WHAT TO PRODUCE
Go through the listing beneath this task and return every line that carries the string "photo".

= = =

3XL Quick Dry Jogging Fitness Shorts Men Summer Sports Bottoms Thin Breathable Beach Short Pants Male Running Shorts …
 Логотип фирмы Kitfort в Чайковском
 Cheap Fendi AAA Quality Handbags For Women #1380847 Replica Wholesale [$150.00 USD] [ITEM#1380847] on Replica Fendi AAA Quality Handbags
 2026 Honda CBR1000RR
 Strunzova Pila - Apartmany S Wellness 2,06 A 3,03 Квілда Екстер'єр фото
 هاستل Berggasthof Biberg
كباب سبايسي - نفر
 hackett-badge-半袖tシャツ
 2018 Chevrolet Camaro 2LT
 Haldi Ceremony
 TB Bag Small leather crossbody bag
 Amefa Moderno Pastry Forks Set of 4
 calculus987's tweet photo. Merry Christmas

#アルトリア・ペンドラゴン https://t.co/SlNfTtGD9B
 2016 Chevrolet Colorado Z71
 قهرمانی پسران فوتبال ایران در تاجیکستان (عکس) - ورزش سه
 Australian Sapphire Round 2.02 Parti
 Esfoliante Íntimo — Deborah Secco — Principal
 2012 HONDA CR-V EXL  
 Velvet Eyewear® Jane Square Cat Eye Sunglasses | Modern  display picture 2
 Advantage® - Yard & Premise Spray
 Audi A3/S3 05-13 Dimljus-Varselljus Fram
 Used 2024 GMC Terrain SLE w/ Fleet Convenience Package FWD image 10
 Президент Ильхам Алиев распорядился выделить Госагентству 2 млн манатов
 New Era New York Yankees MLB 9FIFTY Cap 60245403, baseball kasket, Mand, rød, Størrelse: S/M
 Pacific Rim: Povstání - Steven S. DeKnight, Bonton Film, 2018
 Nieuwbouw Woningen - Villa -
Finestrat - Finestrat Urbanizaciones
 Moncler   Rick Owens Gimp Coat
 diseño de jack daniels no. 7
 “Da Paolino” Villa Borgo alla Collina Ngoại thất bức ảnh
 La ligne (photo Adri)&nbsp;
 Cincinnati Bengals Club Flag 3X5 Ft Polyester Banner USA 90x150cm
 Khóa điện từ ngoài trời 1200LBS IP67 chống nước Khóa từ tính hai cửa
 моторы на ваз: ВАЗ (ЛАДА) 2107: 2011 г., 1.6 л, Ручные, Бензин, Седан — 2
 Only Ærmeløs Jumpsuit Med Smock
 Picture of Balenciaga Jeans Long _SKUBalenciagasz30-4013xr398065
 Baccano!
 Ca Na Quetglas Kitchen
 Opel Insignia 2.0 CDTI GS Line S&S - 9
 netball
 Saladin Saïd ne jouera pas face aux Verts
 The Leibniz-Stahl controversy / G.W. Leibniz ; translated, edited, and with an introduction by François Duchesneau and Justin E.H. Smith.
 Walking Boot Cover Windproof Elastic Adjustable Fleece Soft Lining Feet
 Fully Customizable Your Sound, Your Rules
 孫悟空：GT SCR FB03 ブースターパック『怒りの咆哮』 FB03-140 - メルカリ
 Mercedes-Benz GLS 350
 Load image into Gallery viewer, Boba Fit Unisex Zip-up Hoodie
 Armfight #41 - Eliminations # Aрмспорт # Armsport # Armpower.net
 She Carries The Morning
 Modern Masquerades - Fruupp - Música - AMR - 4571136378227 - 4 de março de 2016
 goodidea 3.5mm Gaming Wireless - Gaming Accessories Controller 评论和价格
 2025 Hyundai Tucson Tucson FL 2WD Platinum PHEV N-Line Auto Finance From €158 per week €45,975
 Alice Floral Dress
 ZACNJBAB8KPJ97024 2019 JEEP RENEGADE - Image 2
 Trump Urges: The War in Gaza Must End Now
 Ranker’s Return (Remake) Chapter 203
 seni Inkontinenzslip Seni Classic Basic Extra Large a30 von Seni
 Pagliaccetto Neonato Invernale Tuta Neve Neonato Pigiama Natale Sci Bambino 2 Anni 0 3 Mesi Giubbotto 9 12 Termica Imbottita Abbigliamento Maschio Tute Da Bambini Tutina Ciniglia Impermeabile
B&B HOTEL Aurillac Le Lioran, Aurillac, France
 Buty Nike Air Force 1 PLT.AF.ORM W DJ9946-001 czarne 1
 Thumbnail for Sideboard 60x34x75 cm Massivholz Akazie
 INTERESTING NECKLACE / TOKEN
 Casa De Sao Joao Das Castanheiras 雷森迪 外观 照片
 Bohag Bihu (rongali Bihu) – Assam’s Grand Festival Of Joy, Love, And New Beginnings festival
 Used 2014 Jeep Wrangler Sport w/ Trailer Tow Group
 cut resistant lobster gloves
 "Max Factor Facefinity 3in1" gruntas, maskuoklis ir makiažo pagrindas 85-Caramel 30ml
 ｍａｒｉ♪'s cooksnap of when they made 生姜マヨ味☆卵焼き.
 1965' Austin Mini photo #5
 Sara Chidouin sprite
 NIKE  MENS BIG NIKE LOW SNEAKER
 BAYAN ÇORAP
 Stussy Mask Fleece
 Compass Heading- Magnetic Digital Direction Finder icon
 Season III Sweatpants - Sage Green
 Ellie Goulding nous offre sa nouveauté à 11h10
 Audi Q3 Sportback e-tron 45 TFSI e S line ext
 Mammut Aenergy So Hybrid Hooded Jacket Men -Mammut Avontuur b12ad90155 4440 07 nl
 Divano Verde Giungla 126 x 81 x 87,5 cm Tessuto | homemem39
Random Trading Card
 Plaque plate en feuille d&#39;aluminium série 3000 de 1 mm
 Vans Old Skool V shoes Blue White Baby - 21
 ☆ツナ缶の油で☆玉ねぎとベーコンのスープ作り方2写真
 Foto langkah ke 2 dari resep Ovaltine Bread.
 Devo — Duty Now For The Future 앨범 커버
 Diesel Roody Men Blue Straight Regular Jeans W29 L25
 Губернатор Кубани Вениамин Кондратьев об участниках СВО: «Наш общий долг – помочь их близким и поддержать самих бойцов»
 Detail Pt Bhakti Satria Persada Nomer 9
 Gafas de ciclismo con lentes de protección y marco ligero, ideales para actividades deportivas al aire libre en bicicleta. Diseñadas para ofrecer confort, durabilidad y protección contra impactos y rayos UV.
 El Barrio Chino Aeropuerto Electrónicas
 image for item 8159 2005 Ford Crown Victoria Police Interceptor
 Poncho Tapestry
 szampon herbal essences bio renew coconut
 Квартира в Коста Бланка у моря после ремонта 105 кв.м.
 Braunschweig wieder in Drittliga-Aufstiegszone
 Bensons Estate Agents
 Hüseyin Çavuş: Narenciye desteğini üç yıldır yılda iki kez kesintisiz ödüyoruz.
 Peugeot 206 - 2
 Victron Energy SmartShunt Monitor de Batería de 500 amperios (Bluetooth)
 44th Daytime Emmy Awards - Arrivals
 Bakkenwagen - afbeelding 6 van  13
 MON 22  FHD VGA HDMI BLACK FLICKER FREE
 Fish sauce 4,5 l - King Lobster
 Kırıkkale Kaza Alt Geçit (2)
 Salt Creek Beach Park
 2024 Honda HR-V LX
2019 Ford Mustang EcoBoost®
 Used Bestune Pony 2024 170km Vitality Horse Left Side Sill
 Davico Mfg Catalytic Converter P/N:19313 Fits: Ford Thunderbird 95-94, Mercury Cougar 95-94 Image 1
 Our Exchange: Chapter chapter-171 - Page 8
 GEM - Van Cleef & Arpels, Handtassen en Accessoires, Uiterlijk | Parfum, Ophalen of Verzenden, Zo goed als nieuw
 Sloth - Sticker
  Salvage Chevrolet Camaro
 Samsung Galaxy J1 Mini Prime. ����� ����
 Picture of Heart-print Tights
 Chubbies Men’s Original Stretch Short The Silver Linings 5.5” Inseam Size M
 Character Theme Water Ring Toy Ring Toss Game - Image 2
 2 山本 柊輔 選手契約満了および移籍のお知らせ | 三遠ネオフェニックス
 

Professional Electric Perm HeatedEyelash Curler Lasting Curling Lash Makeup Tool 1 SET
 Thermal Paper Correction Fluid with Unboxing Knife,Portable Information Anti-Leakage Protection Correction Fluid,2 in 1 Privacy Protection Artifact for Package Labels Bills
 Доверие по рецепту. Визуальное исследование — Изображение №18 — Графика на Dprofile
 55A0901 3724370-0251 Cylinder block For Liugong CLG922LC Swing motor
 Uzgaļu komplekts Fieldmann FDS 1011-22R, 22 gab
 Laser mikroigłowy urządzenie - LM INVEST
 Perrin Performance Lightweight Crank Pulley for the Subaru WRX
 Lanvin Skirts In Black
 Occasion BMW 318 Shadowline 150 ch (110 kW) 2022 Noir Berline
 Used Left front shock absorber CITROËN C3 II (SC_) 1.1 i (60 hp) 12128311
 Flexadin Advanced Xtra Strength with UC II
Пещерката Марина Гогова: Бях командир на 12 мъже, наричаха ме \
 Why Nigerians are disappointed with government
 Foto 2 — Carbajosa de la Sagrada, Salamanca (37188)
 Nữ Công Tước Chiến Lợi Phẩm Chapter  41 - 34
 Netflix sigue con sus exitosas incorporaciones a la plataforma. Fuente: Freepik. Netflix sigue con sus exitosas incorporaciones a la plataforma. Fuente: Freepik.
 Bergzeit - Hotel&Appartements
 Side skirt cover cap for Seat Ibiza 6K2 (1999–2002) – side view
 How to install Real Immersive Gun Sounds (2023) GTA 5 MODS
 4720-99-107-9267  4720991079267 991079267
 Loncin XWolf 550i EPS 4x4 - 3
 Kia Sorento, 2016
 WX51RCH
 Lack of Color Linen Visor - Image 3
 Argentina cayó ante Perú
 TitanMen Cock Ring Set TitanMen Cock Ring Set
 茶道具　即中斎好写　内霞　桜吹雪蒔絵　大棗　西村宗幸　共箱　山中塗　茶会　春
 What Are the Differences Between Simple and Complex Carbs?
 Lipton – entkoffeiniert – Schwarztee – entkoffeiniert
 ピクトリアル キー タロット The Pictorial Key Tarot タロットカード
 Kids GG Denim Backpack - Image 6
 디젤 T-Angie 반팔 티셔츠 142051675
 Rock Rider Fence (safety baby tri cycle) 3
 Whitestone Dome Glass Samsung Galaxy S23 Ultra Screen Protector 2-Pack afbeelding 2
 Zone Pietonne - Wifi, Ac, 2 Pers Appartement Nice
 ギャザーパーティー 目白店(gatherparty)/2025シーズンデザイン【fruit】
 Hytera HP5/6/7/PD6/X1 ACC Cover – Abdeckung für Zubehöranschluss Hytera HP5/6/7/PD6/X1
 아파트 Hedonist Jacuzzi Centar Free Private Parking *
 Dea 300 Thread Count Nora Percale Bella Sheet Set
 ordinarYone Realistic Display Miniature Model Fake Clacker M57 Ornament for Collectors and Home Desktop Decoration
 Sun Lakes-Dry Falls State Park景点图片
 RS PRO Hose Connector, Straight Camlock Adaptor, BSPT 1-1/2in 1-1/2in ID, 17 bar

= = =

SOLVED EXERCISE
 calculus987's tweet photo. Merry Christmas
 La ligne (photo Adri)&nbsp;
 1965' Austin Mini photo #5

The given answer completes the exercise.